Samsung’s first foldable smartphone will be available starting April 26th. The Samsung Galaxy Fold is a $1980 device that looks like a 7.3 inch tablet… until you fold it in half so that screen is hidden and you find yourself instead looking at a 4.6 inch secondary display (surrounded by some really big bezels).
Other phone makers have taken different approaches to foldables. And it looks like Samsung may be hedging its bets with a few different designs as well.
Bloomberg reports that Samsung may release two more foldable phones in the next year or so, and each could have a different type of design.

One is expected to fold in half like a flip-phone. Like the Samsung Galaxy Fold, this design means the primary display would be hidden when the phone is folded. But Samsung is considering putting a secondary display on the outside.
It seems likely that this sort of foldable wouldn’t be designed to let you switch between smartphone and tablet experiences. Instead you could have a large-screened smartphone that becomes easy to slide into your pocket when it’s folded.
Another design is said to look like the Huawei Mate X, with a single screen that folds outward so that it wraps around the front and back of the phone. This could let you use a portion of the screen in smartphone mode… and possibly use the back as a viewfinder while shooting selfies with the phone’s primary camera.
According to Bloomberg, the single-screen model would likely be thinner than the Galaxy Fold since it doesn’t require a secondary display.
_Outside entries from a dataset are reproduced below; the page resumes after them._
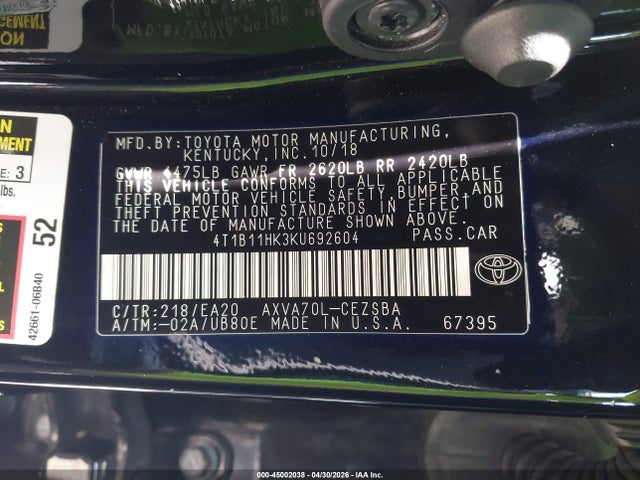 Продажа на аукционе авто 2019 Toyota Camry Se, vin: 4T1B11HK3KU692604, номер лота: 45002038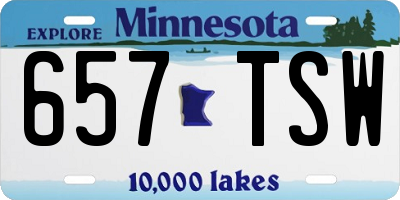 MN license plate 657TSW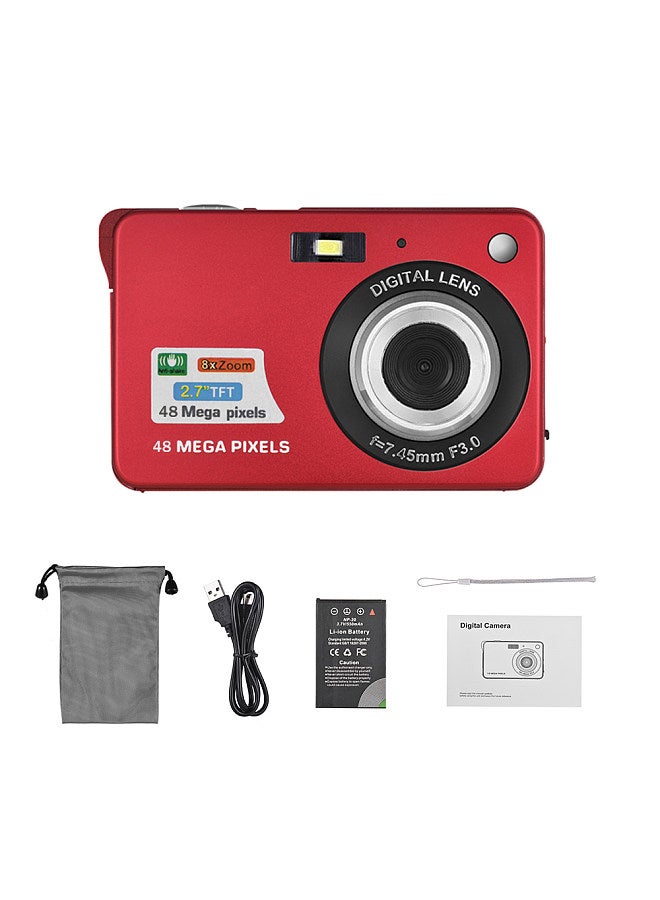Portable 1080P Digital Camera Video Camcorder 48MP Anti-shake 8X Zoom 2.7 Inch LCD Screen Face Detact Smile Capture Built-in Lithium Battery with Carry Bag Wrist Strap for Kids Teens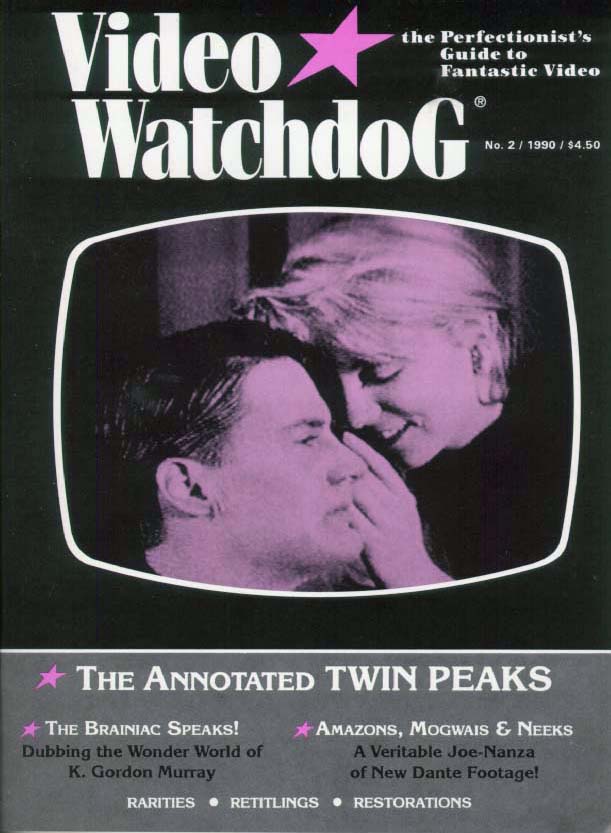VIDEO WATCHDOG magazine side cover Issue 2  1990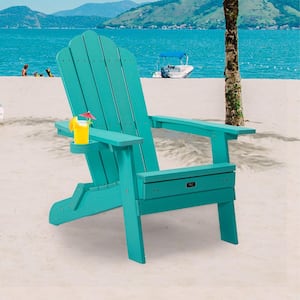 Green Poly Lumber Folding Adirondack Chair with Pullout Ottoman and Cup Holder for Patio Deck Garden (1-Pack)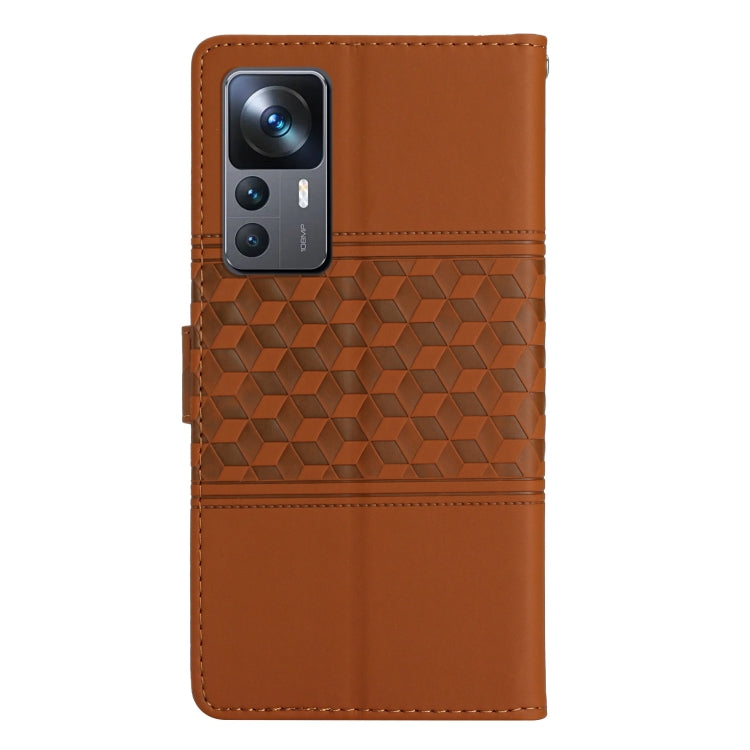 For Xiaomi 12T / 12T Pro Diamond Embossed Skin Feel Leather Phone Case with Lanyard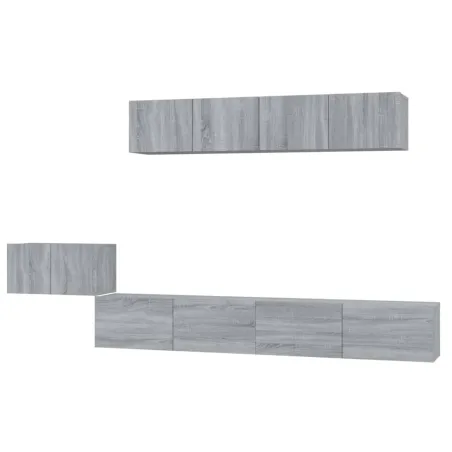 Ensemble de meubles TV 5 pcs Sonoma gris Bois d'ingénierie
There’s no word on how much these new devices will cost, but Bloomberg’s article indicates that they could launch later this year or early next year… if they hit the streets at all. Samsung may wait to see how the Galaxy Fold and other first-generation foldable phones do in the marketplace before expanding its lineup.
With aspect ratios getting more extreme, folding phones will become necessary or phones won’t fit in people’s pockets anymore. It is all so very stupid. Phone manufacturers turn a deaf ear towards their customers then wonder why their products don’t sell.
Sadly the new phones are folding on the long axis, and so, W2019 excepted, don’t offer any real benefit.
If smaller pocketable phones were popular with consumers, someone would be making a ton of money selling them. The fact that nobody is, is indicative that the claim there is pent up demand for smaller phones is wrong.
Samsung needs to design a lower price into it’s new folding phones. Apple priced itself out of the market with the iPhone X series phones costing over $1000. Now Samsung wants to charge almost double that for their new phones? I won’t buy one.
The current pricing is not indicative of where foldable phones will eventually settle in the marketplace. After all, the first digital watch on the market was $2,500, which is a lot more in today’s dollars.
Well, people will say that this is Samsung just throwing everything at the wall and seeing what sticks, which is kind of true in the sense that shipping a variety of products is the ultimate way to road test a bunch of designs — let the market decide.
Pretty cool if you can afford to do it — which, obviously, Samsung can.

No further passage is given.